We've seen Pichard and Riker dodge phaser beams. However, the only time I can recall that they were in Starfleet Headquarters. There could have been a dampening field in place. (In fact, given how easy it is to jam Trek tech, I would be surprised if they didn't have one).

Re: The Guns of Nemesis (Voyager)

Posted: 2017-11-09 12:55pm
by Simon_Jester
The problematic part of what I quoted is the "energy weapons are horribly ineffective next to modern firearms" part, Solauren.

Again, it wouldn't be hard for me to take a random sampling of several hundred episodes of TV set in the modern era and 'prove' that modern firearms are horribly ineffective next to crossbows, or in some cases thrown rocks.

At some point you have to look at the whole overall record of performance, combined with on-screen statements, and not just the specific "lol you can dodge a phaser beam because it is slow and glowy in these 80s special effects" observations.

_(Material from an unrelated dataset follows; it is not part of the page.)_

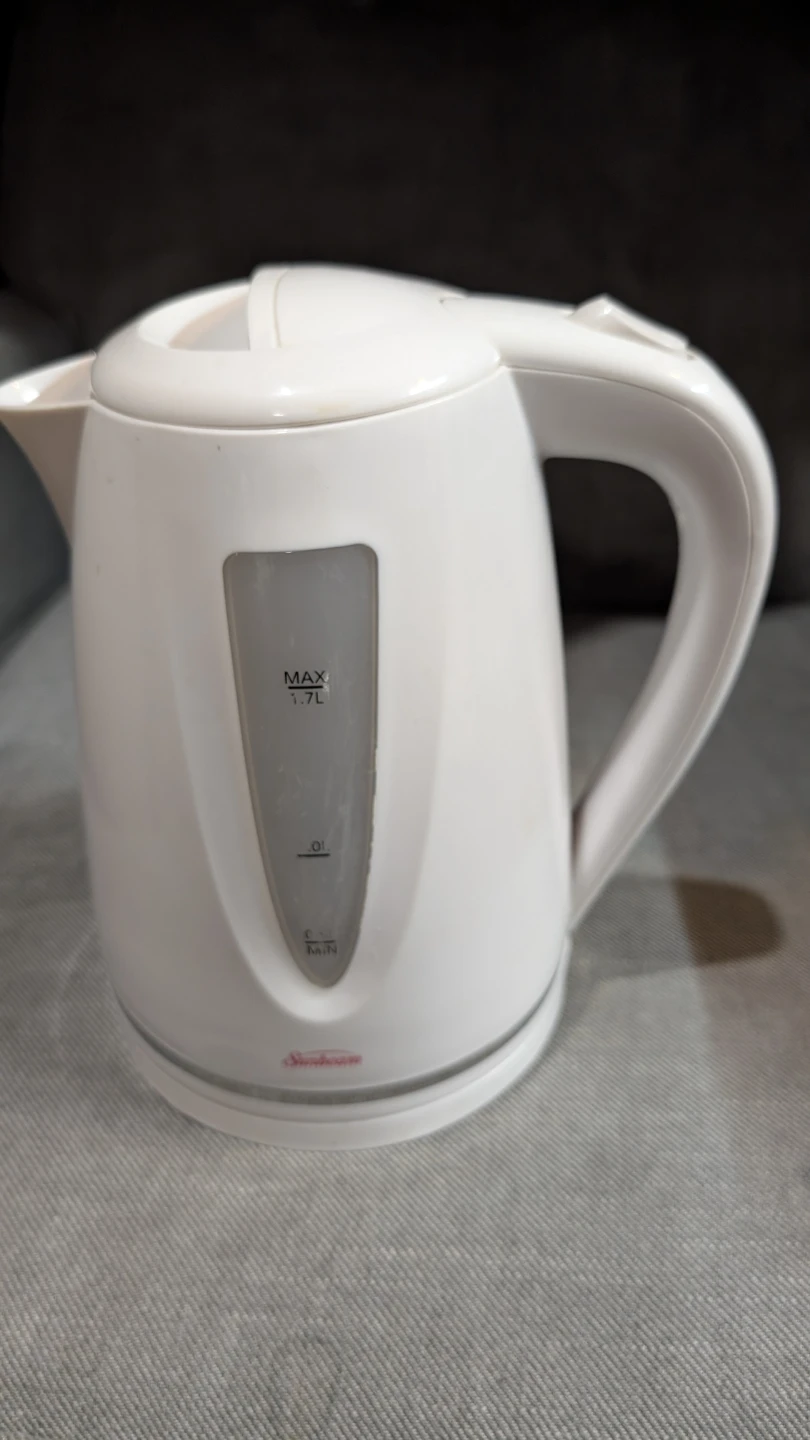 White Sunbeam Electric Kettle - photo 2
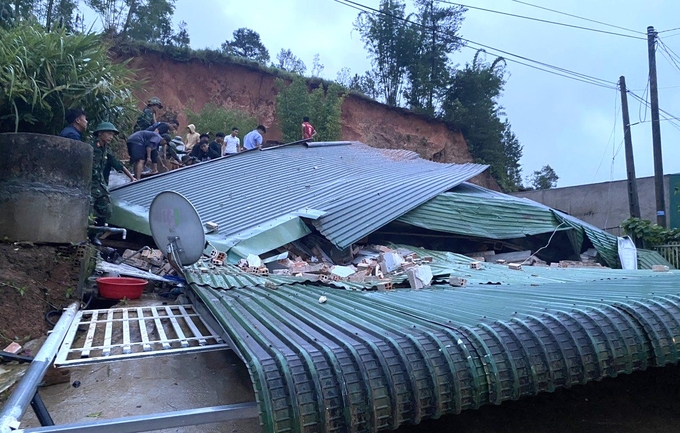 Hiện trường vụ sạt lở. Ảnh: Phương Chi.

Re: The Guns of Nemesis (Voyager)

Posted: 2017-11-09 02:34pm
by Batman
While the limited speed of sidearm phaser discharges (and Wars hand blaster bolts for that matter) combined with their easy visibility can be a detriment, "energy weapons are horribly ineffective next to modern firearms" is going a bit far. Sometimes visibility is desirable (we didn't invent tracers because it was thursday and there was nothing on TV). Also many ray guns tend to be WAY more flexible than slugthrowers-stun setting, widebeam, weld, cutting torch, lighter, heater...All a slugthrower can do is drill a hole.